(DATA EXTRACTS Opens)

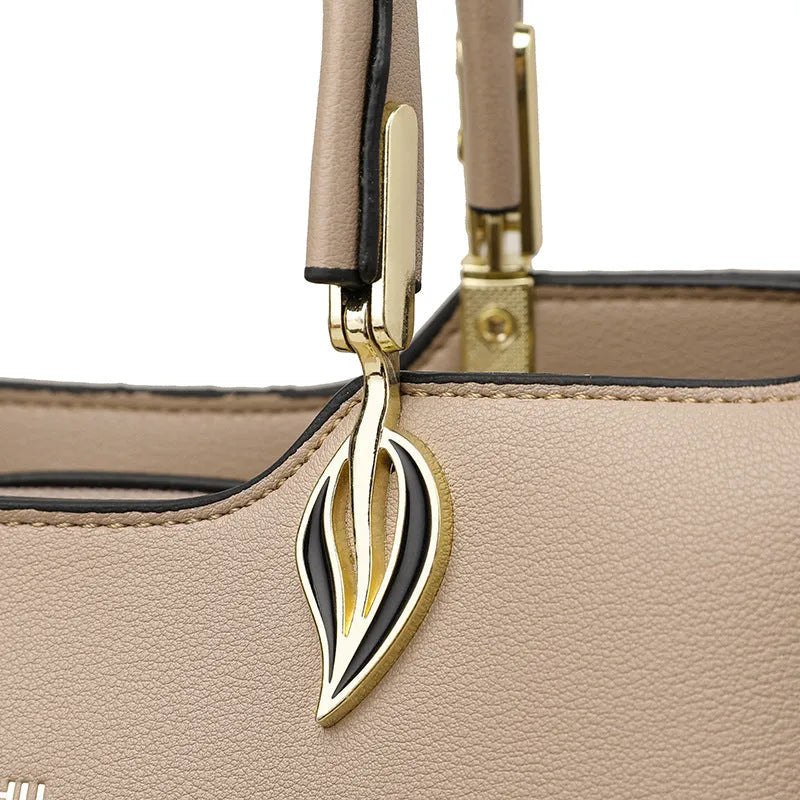 Women's multi-layer shoulder messenger bag in PU material showing compartment design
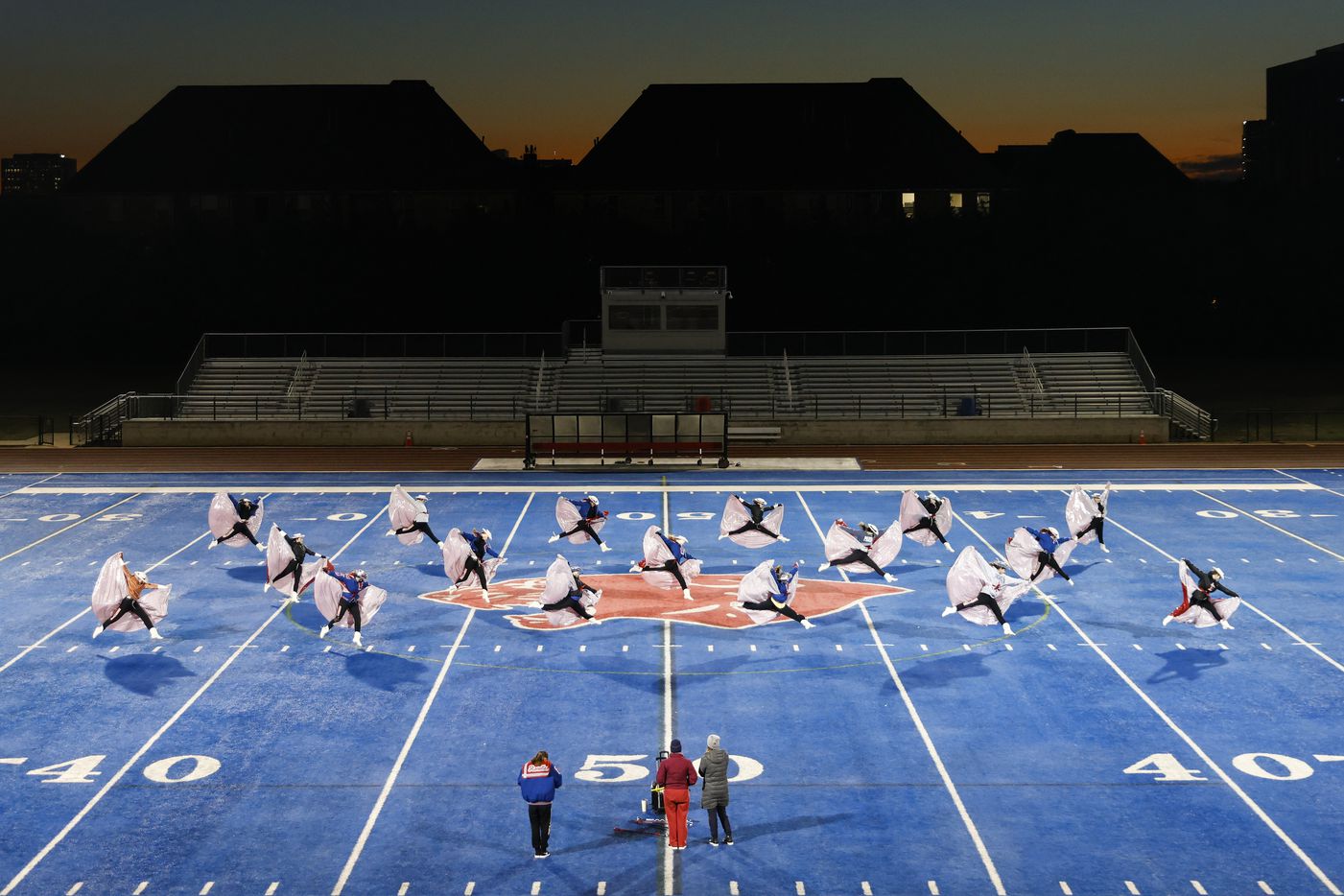 As sunlight appears on the horizon, Parish High School Rosettes drill team take part in...
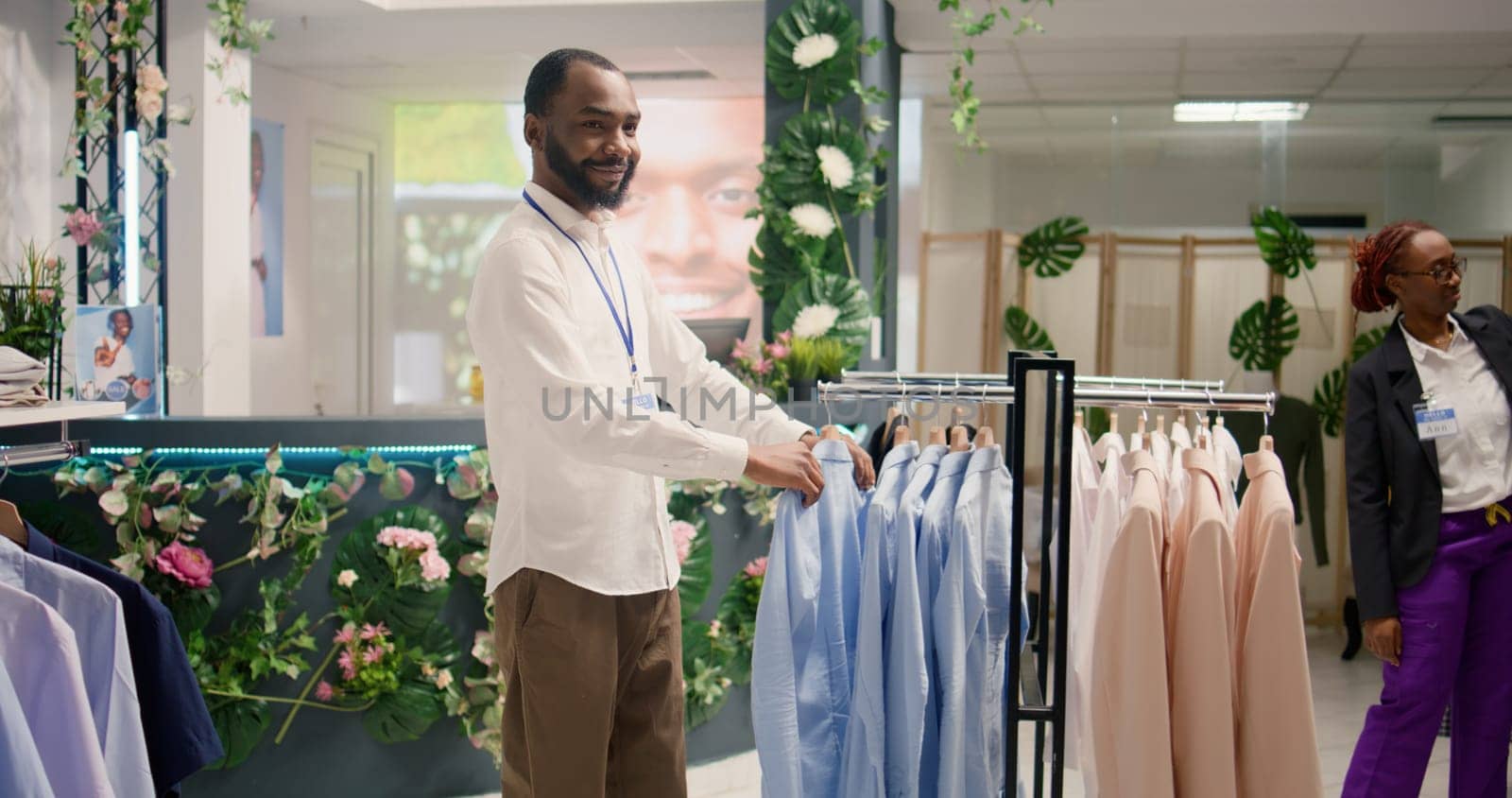 Smiling retail assistant arranging clothes in mall clothing store with fast fashion attire following the latest trends. Cheerful worker organizing assortment of elegant men blazers in fashion boutique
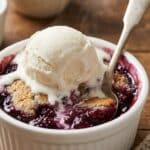 An intimate, appetizing shot of the dessert ready to be eaten, highlighting the temperature contrast between the hot fruit and cold ice cream.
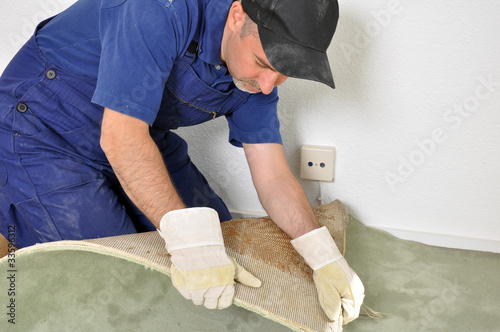 Handwerker beim Entfernen eines Teppichs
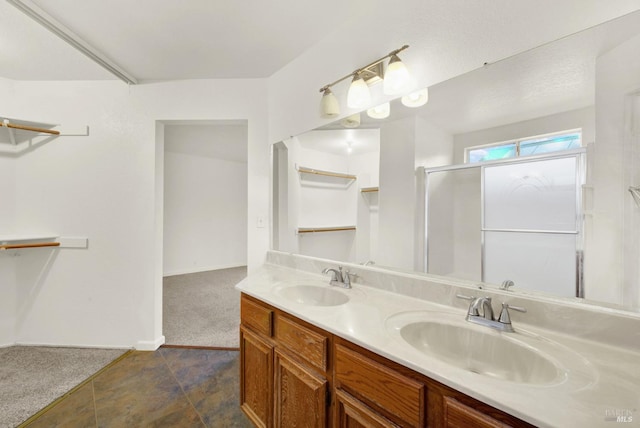 bathroom with vanity and an enclosed shower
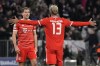 Bayern's Eric Maxim Choupo-Moting, right, celebrates after scoring his side's opening goal during the Champions League round of 16 second leg soccer match between Bayern Munich and Paris Saint Germain at the Allianz Arena in Munich, Germany, Wednesday, March 8, 2023. (AP Photo/Matthias Schrader)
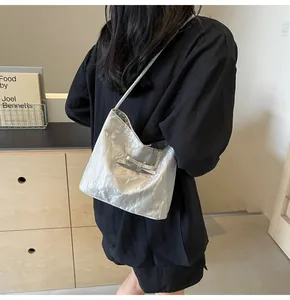 Vue détaillée d'un sac plissé argenté avec nœud porté à l'épaule par un mannequin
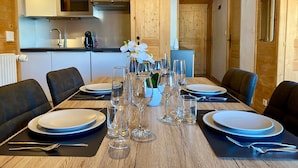A dining area with a wooden table set for four, surrounded by chairs. A vase with white flowers is placed in the center.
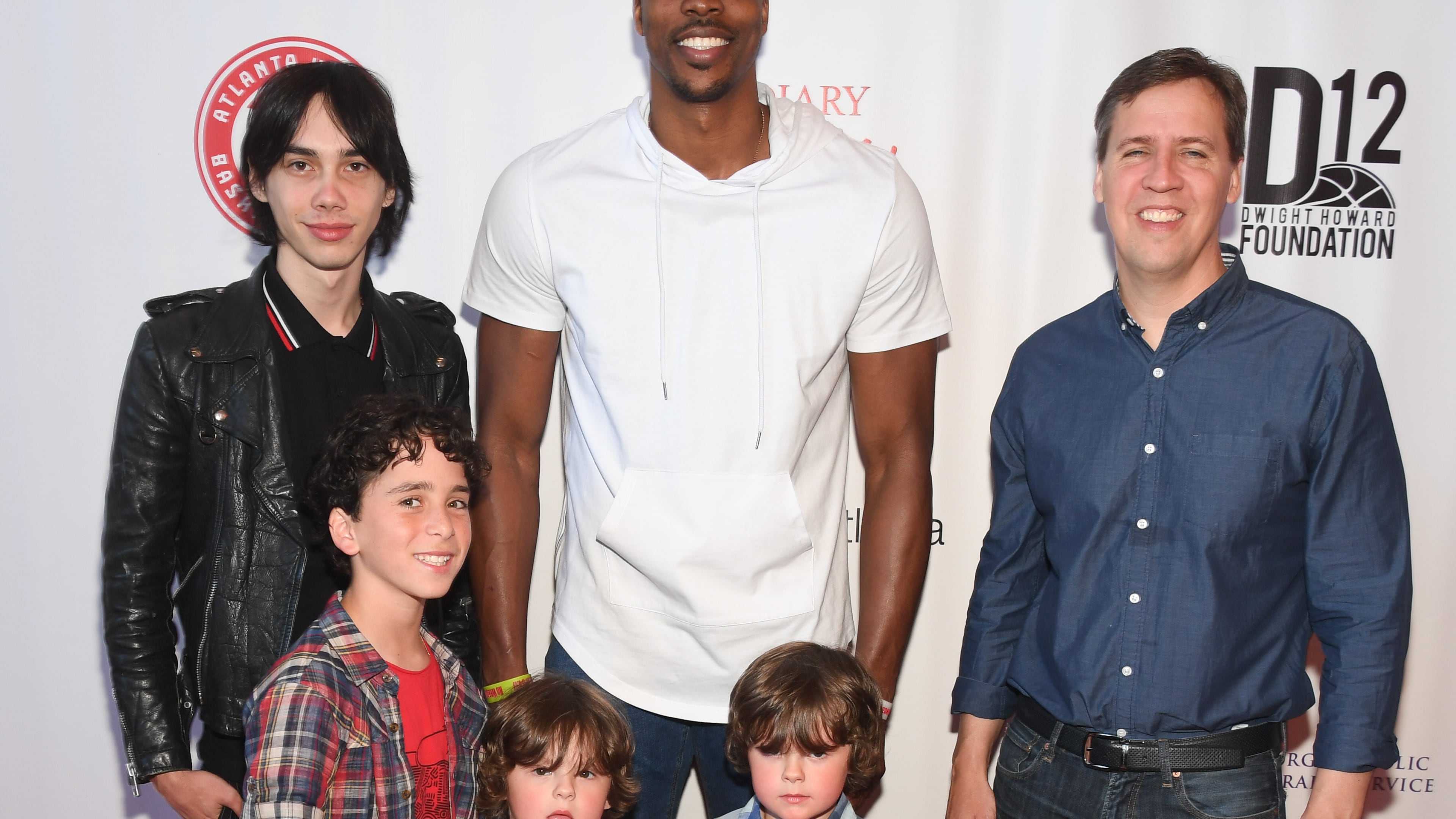Actor Charlie Wright, from left, actor Jason Drucker, twins Dylan and Wyatt Walters, Atlanta Hawks player Dwight Howard and author Jeff Kinney attend the"Diary Of A Wimpy Kid: The Long Haul" Atlanta screening hosted by Dwight Howard at Regal Atlantic Station. Photo by Paras Griffin/Getty Images for D12 Foundation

(DATA EXTRACTS Closes)

▶ _WORK ORDER_: The line holding "As sunlight appears" starts the copy and the line holding "A dining area" ends it. Repeat those two lines above and all between them exactly, leaving out pictures.

▶ _RESPONSE TO THE TASK_:
 As sunlight appears on the horizon, Parish High School Rosettes drill team take part in...
 Smiling retail assistant arranging clothes in mall clothing store with fast fashion attire following the latest trends. Cheerful worker organizing assortment of elegant men blazers in fashion boutique
 An intimate, appetizing shot of the dessert ready to be eaten, highlighting the temperature contrast between the hot fruit and cold ice cream.
 Handwerker beim Entfernen eines Teppichs
 bathroom with vanity and an enclosed shower
 Bayern's Eric Maxim Choupo-Moting, right, celebrates after scoring his side's opening goal during the Champions League round of 16 second leg soccer match between Bayern Munich and Paris Saint Germain at the Allianz Arena in Munich, Germany, Wednesday, March 8, 2023. (AP Photo/Matthias Schrader)
 Vue détaillée d'un sac plissé argenté avec nœud porté à l'épaule par un mannequin
A dining area with a wooden table set for four, surrounded by chairs. A vase with white flowers is placed in the center.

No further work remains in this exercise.